**Your instructions:** Output every record exactly, apart from its images.

(Recorded data)
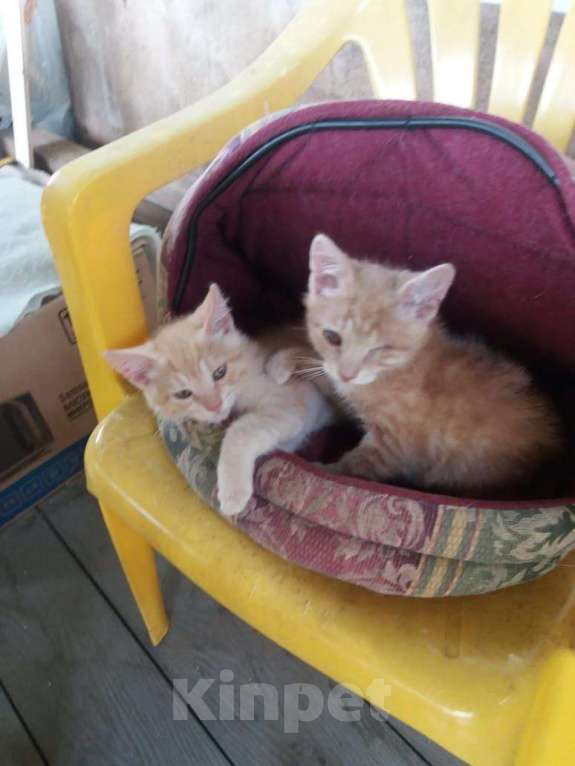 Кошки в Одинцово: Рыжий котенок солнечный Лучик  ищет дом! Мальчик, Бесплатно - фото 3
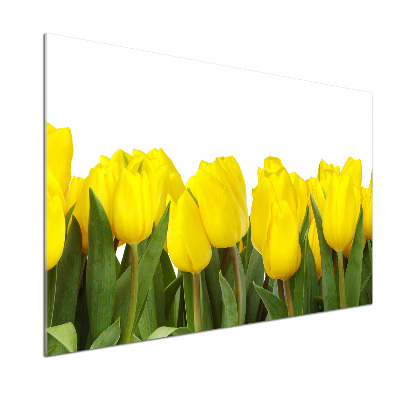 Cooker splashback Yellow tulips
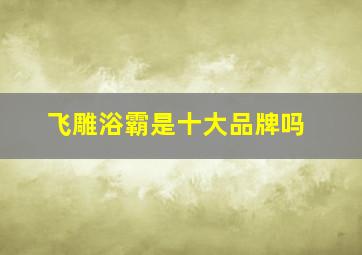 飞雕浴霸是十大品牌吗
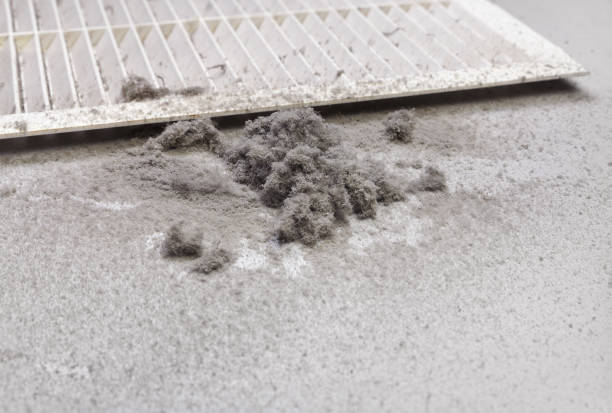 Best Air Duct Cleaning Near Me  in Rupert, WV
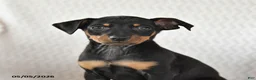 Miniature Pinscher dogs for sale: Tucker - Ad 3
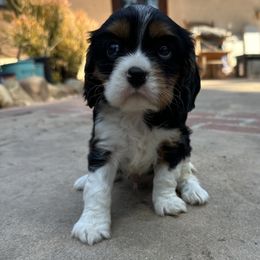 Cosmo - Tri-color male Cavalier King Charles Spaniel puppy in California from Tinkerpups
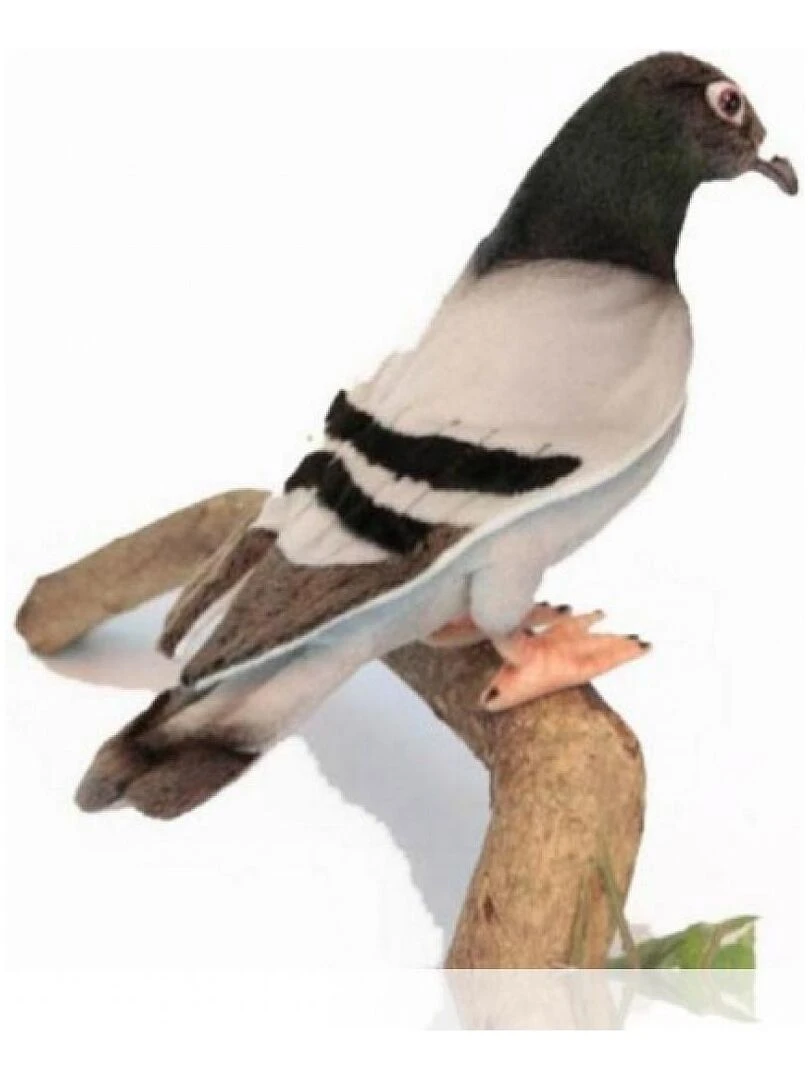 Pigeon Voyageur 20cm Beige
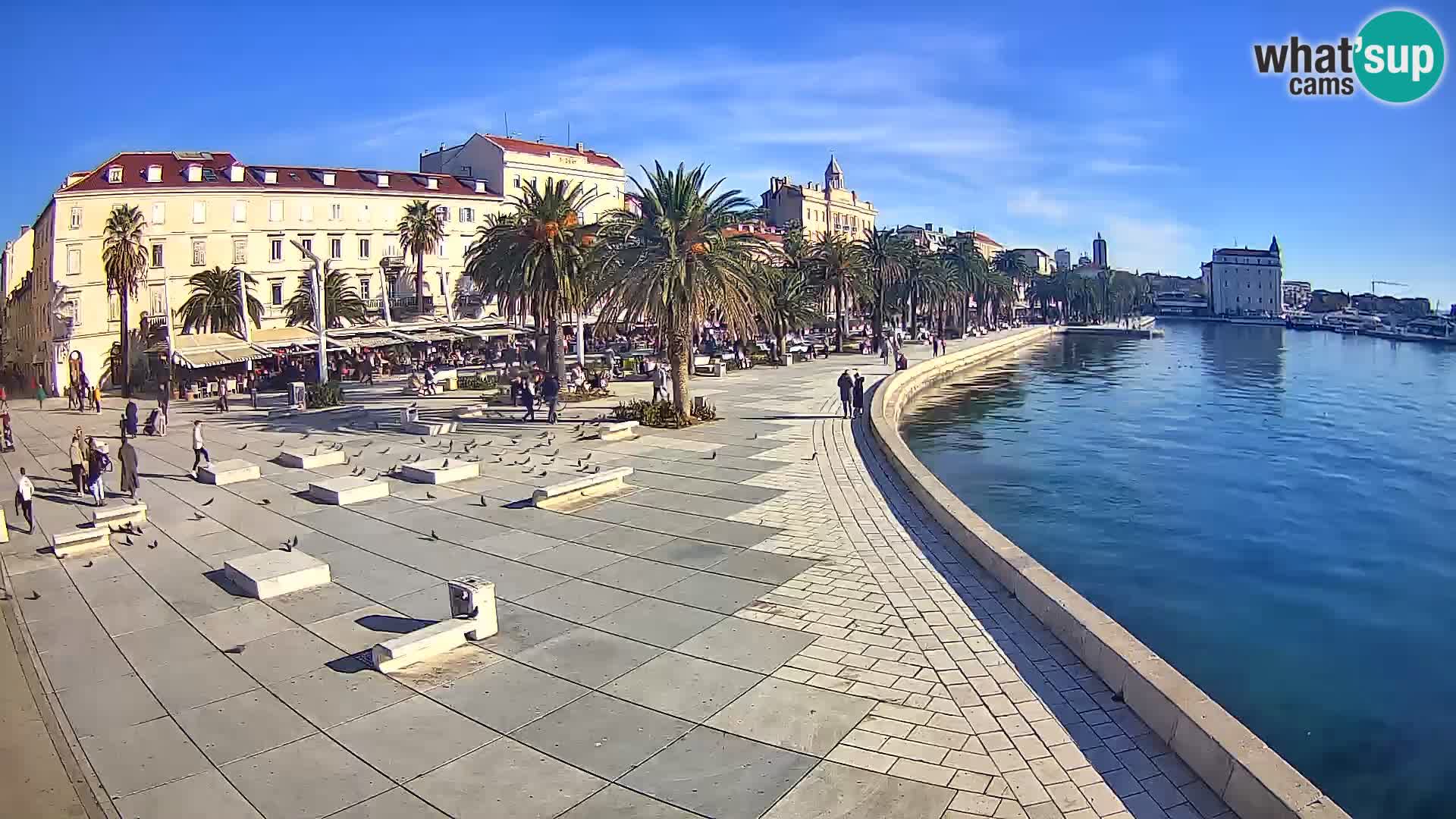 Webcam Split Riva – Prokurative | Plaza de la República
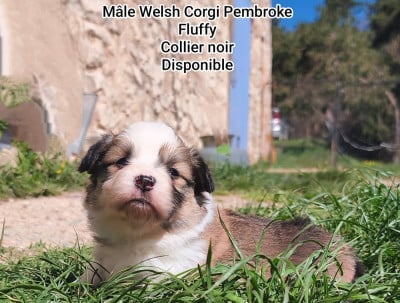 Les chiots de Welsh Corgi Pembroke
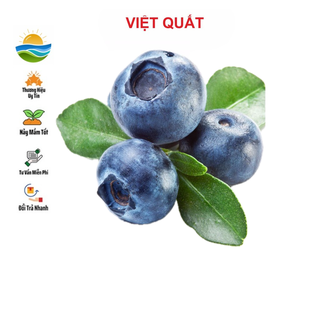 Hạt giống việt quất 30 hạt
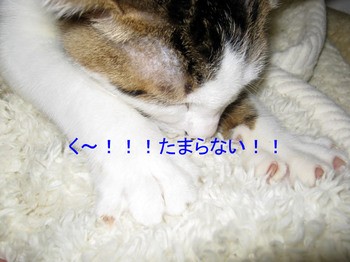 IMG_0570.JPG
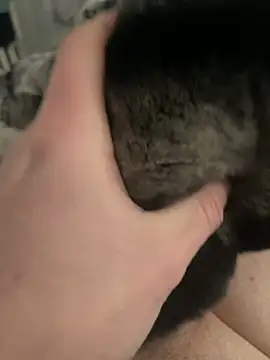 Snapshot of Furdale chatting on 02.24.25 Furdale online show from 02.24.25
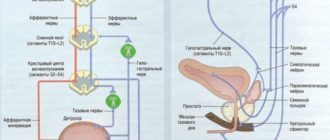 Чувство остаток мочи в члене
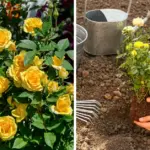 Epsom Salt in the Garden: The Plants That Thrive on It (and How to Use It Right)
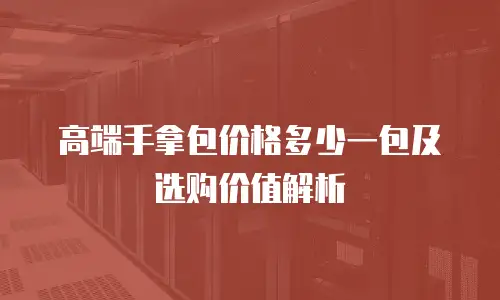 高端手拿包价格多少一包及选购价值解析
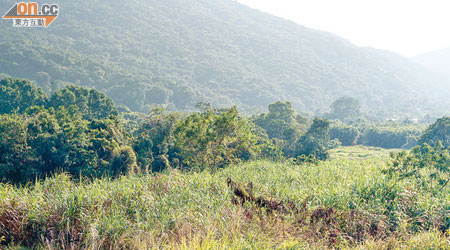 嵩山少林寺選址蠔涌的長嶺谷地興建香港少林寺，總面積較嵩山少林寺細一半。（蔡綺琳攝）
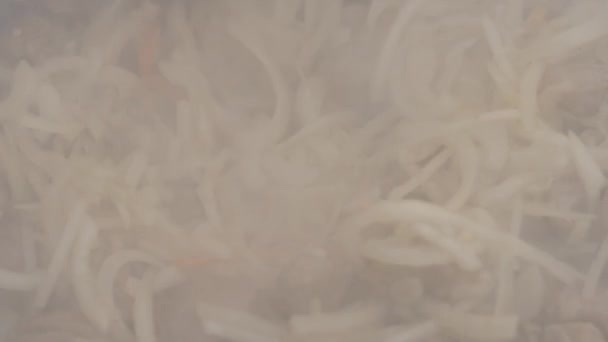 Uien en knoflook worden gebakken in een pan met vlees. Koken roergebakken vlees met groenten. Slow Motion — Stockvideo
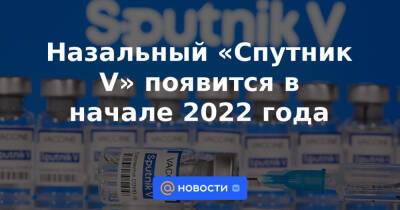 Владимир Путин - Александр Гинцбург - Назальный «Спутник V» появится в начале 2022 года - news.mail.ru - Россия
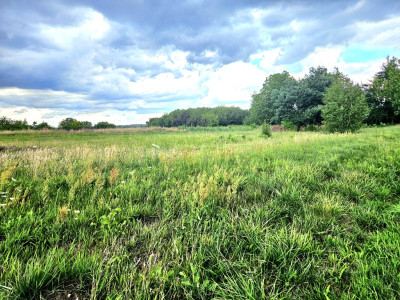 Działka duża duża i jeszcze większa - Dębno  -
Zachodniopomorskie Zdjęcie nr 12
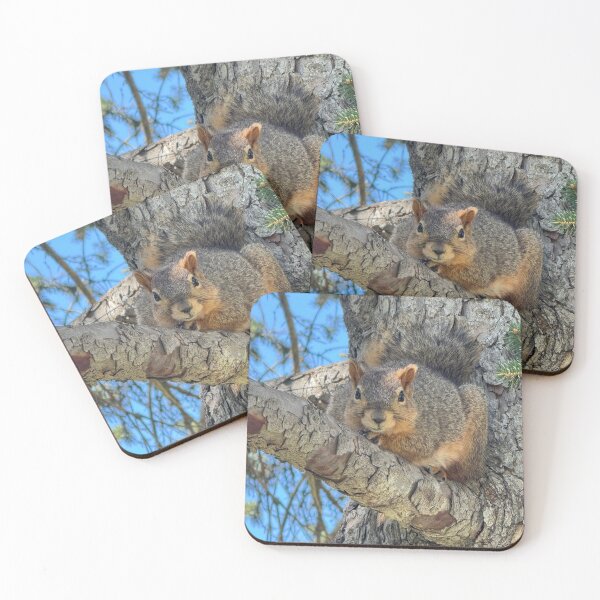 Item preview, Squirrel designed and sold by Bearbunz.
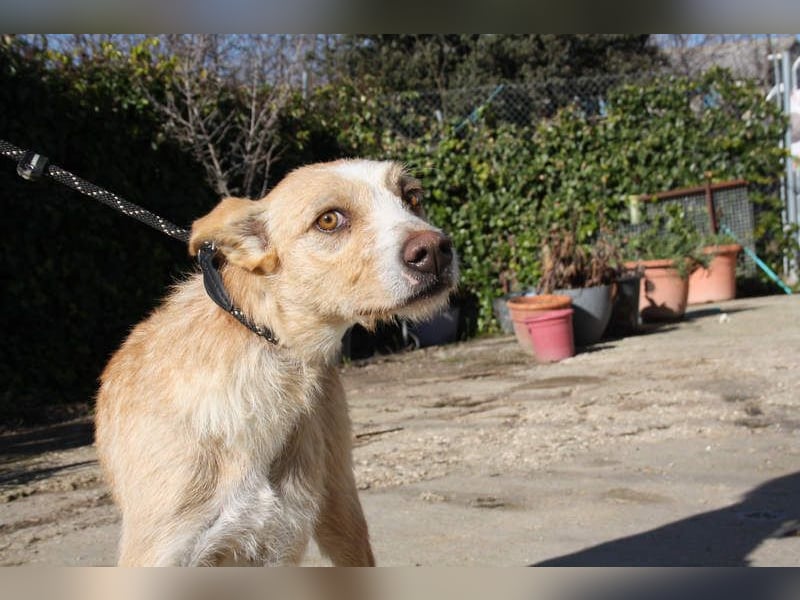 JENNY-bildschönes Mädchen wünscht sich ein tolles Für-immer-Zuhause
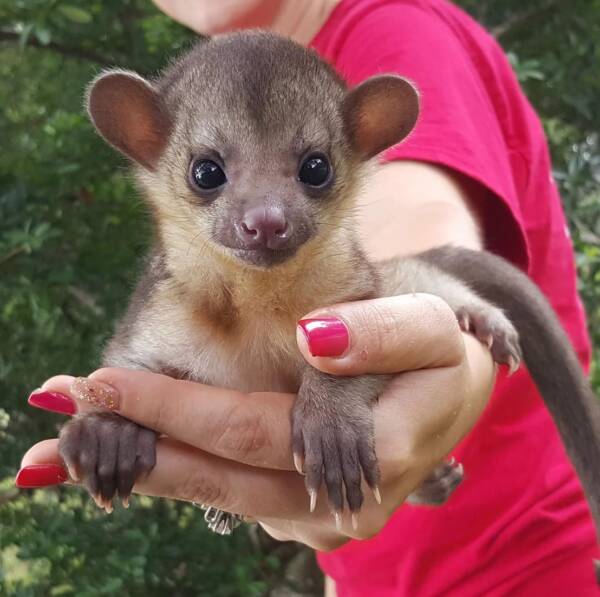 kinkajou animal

**Response to this task:**
 Кошки в Одинцово: Рыжий котенок солнечный Лучик  ищет дом! Мальчик, Бесплатно - фото 3
 Cooker splashback Yellow tulips
 飞雕浴霸是十大品牌吗
 Best Air Duct Cleaning Near Me  in Rupert, WV
 Miniature Pinscher dogs for sale: Tucker - Ad 3
 Cosmo - Tri-color male Cavalier King Charles Spaniel puppy in California from Tinkerpups
 Pigeon Voyageur 20cm Beige
 Webcam Split Riva – Prokurative | Plaza de la República
 Les chiots de Welsh Corgi Pembroke
 Hạt giống việt quất 30 hạt
 IMG_0570.JPG
 Snapshot of Furdale chatting on 02.24.25 Furdale online show from 02.24.25
 Чувство остаток мочи в члене
 Epsom Salt in the Garden: The Plants That Thrive on It (and How to Use It Right)
 高端手拿包价格多少一包及选购价值解析
 嵩山少林寺選址蠔涌的長嶺谷地興建香港少林寺，總面積較嵩山少林寺細一半。（蔡綺琳攝）
 Uien en knoflook worden gebakken in een pan met vlees. Koken roergebakken vlees met groenten. Slow Motion — Stockvideo
 Владимир Путин - Александр Гинцбург - Назальный «Спутник V» появится в начале 2022 года - news.mail.ru - Россия
 Działka duża duża i jeszcze większa - Dębno  -
Zachodniopomorskie Zdjęcie nr 12
 Item preview, Squirrel designed and sold by Bearbunz.
 JENNY-bildschönes Mädchen wünscht sich ein tolles Für-immer-Zuhause
 kinkajou animal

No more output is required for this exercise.